Certo è facile scorrendo i titoli della scaletta capire che per ciascuno dei presenti ci sarà almeno un momento amarcord e guardando le facce del pubblico si legge facilmente l’attesa e la trepidazione per ascoltare quella che ognuno sente come la sua canzone. Poi nello sviluppo del concerto ci si accorge che le canzoni di Max sono di tutti, patrimonio di un ventaglio di età che spazia dai 15 ai 50 anni senza difficoltà e senza vergogna: ciascuno di noi ha vissuto un momento “nerd”, una delusione o una storia che hanno avuto una di queste canzoni come colonna sonora o come catarsi musicale.
E qui potrei cadere nello stucchevole avendo vissuto le mie paturnie a cavallo dell’intera produzione del cantante pavese dal berretto sempre in testa: dico solo che è stato un tuffo nel passato ricordarmi ad accompagnare al mio primo concerto il mio fratellino allora dodicenne proprio a vedere gli 883, quando il nostro mangianastri divorava le cassette colorate de “La donna il sogno…” ed era da poco uscito “La dura legge del gol” col suo bel campo da calcio stampato sulla MC. Un escalation di brividi e ricordi che ho letto sulla pelle d’oca dei compagni di serata: come corrente elettrostatica le note di Max e la sua band hanno sollecitato tutti e a comando hanno paralizzato, ammutolito, scosso fino ai boati sui brani più noti, ove per più intendo che li conoscevano tutti, parola per parola a discapito dell’età e dei problemi di cuore.
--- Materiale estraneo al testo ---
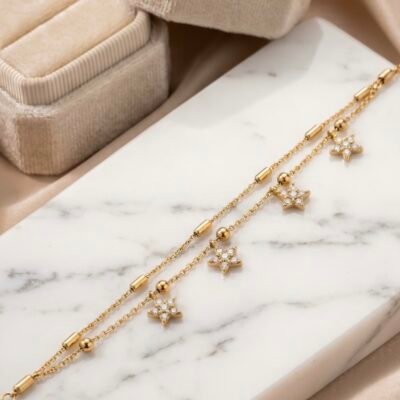 Gold plated antitarnish chain bracelets ATB665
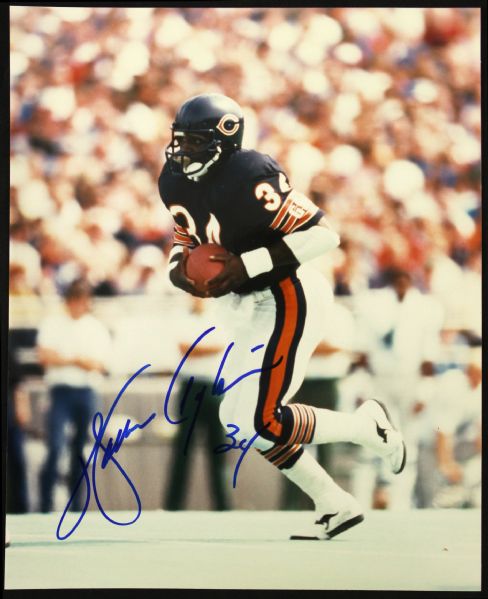 1980s Walter Payton Chicago Bears Signed 8" x 10" Photo (JSA)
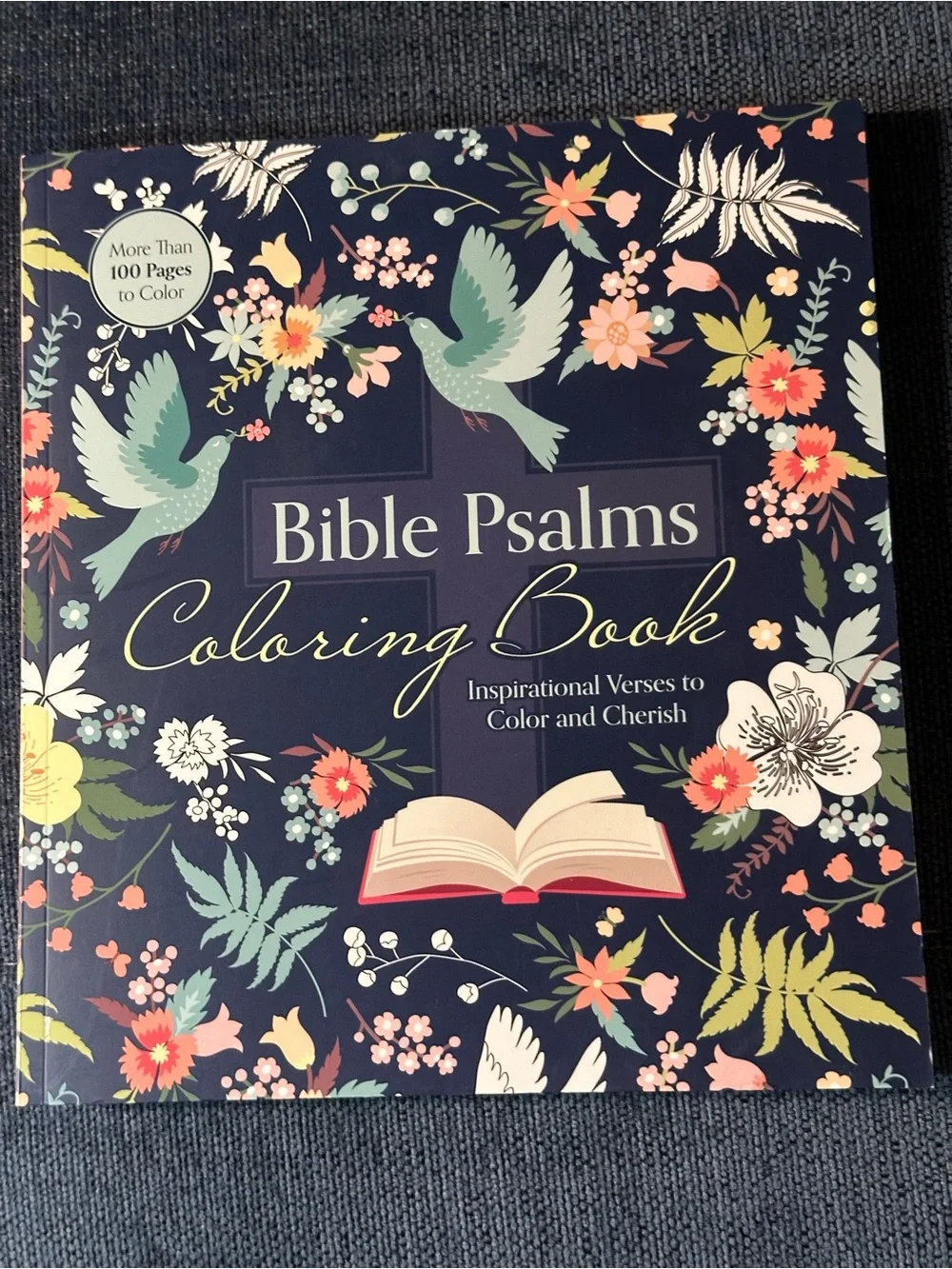 Faith & Devotion Inspirational Coloring Book & Bible Psalms Coloring Book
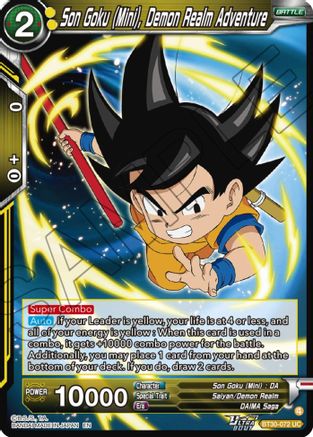 Son Goku (Mini), Demon Realm Adventure (BT30-072) - Three Glorious Fighters Foil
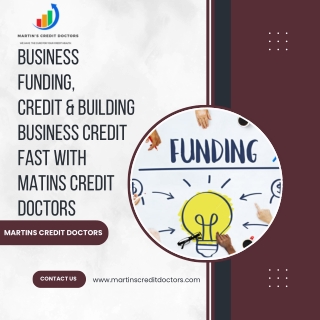 Build Business Credit Fast with Martins Credit Doctors | Expert Solutions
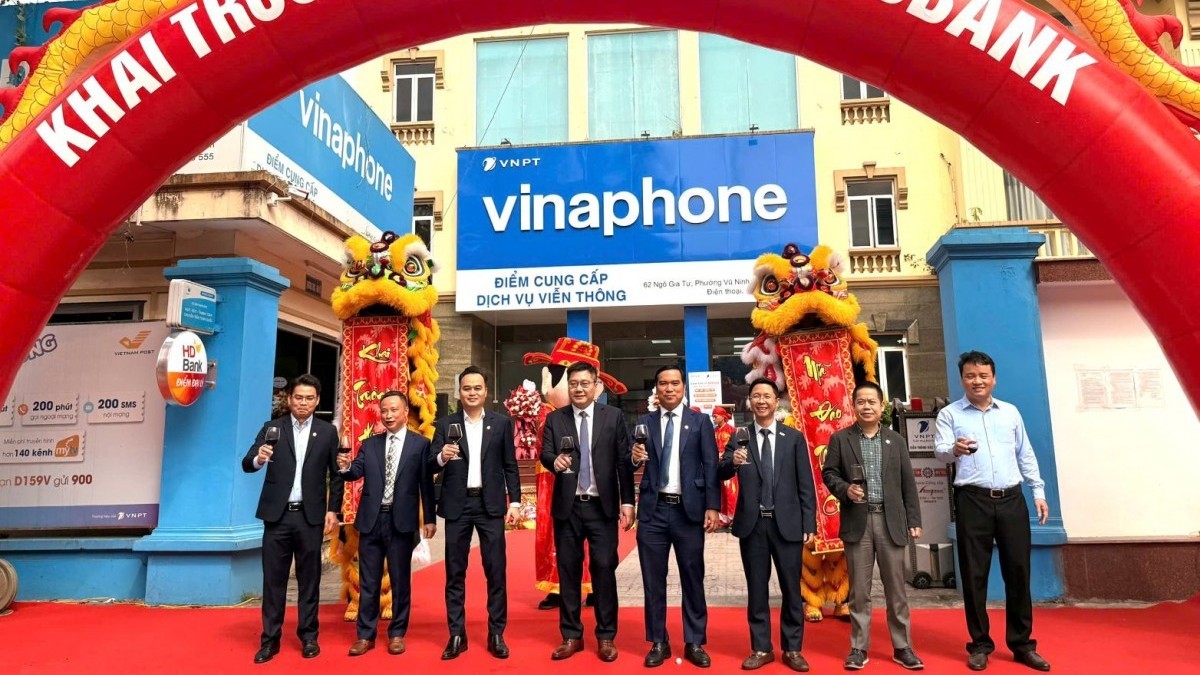 HDBank sẽ triển khai đại lý thanh toán tại 900 điểm giao dịch của VNPT trên toàn quốc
E non importa se qualcuno stonava e si può perdonare anche qualche sporadica imperfezione nelle esecuzioni: è stata una gran serata all’insegna della musica pop e dell’amicizia. E mettiamoci pure del rimorchio visto quello che mi è successo attorno. Max a volte è un po’ prolisso, ma se la gioca bene coi congiuntivi e riesce a dialogare col pubblico con la sua genuina spontaneità: anche la presenza di uno strumento semisconosciuto come la Vermona sul palco diventa motivo di ilarità e comicità (chi ha orecchie per intendere… altrimenti se la faccia spiegare da un veneto).
In apertura la comparsata del suo pupillo a the Voice Elia Zambonin e il successivo duetto sono apparsi coerenti al personaggio, così come i momenti riempitivo: sul palco Dj Zak ha mixato i brani più ballabili dai tempi degli 883, quelli che altrimenti la scaletta avrebbe sfalciato, scatenando il delirio e tramutando l’anfiteatro in una disco all’aperto in cui era impossibile non farsi trascinare in qualche coreografia, trenino o ballo dalle coreografie più improbabili. Per questo e per molto altro mi viene da dire Grazie Mille Max, per una sera anche io non ho nessun rimpianto , nessun rimorso, e sono tornato a casa con la sensazione di aver vissuto uno dei miei miti, e non lascerò ripassare vent’anni per rifarlo di sicuro!